結構レアではあるが、株式投資が全体的に盛り上がていない時や、同業他社のやらかしなどが原因でこういった状況になることがある。
PBRが高くても割高とは限らない
「PBRが低くても割安とは限らない」のなら、その逆も成り立つ。
PERはそこそこでも、ROEが高いという場合に、PBRが高く出ることがある。
例えば「PER = 20倍,ROE = 25%」の場合、PBR = 5倍と高くなるが、高収益の結果、素早くBPSを積み上げることが期待された結果と言えるので、そんなに割高とはいえない。
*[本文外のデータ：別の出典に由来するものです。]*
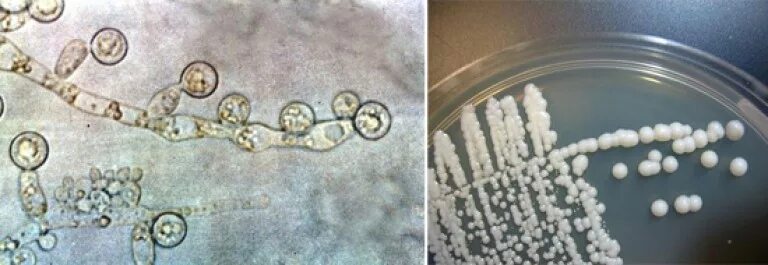 Кандида альбиканс под микроскопом. Хламидоспоры кандида. Кандида грибок микроскопия. Грибок кандида под микроскопом.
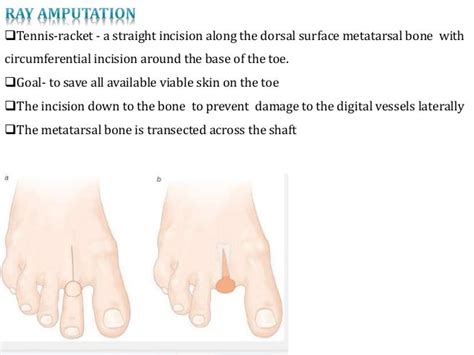 Amputation- Dr. Kiran Kumar G.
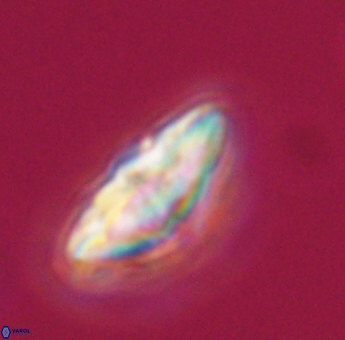 Discoaster misofengaro 23932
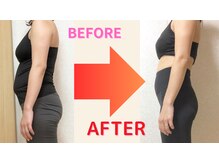 りそう整骨院 豊中蛍池院/Before After
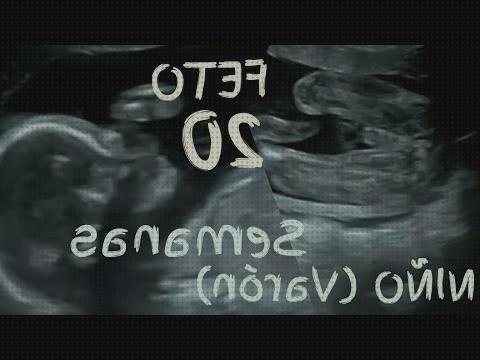 Los mejores 10 Ecos Doppler Fetal 20 Semanas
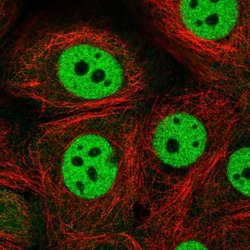 Invitrogen CSTF1 Polyclonal Antibody 100 &mu;L; Unconjugated:Antibodies,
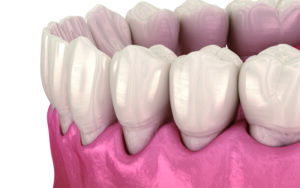 大田区中央（池上・大森）の歯医者: 谷歯科クリニックで高齢者の口腔トラブルについての解説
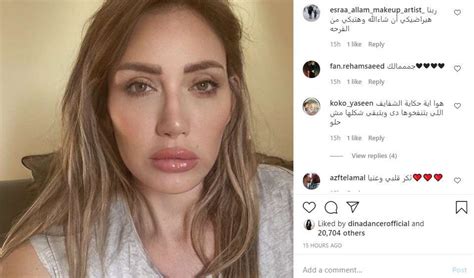 ريهام سعيد تتعرض لحادث سير خطير سيارة ريهام سعيد بعد الحادث ويذكر ان ريهام سعيد قد عانت العام الماضي من عدة أزمات كبيرة كادت ان تودي بها إلى. ريهام سعيد تثير الجدل بشفاه منتفخة.. وتتلقى انتقادات الجمهور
一方で、高PER低ROEの場合にPBRが高くなっている場合は、要注意。ストックの面でもフローの面でも、実態よりも高く買われているという事なので、とても割高だと言える。
まとめ
PBRが低いからと言って割安とは限らないし、高いからと言って割高とも限らない。一つの指標だけを見て投資判断を行うのは危険であると言えよう。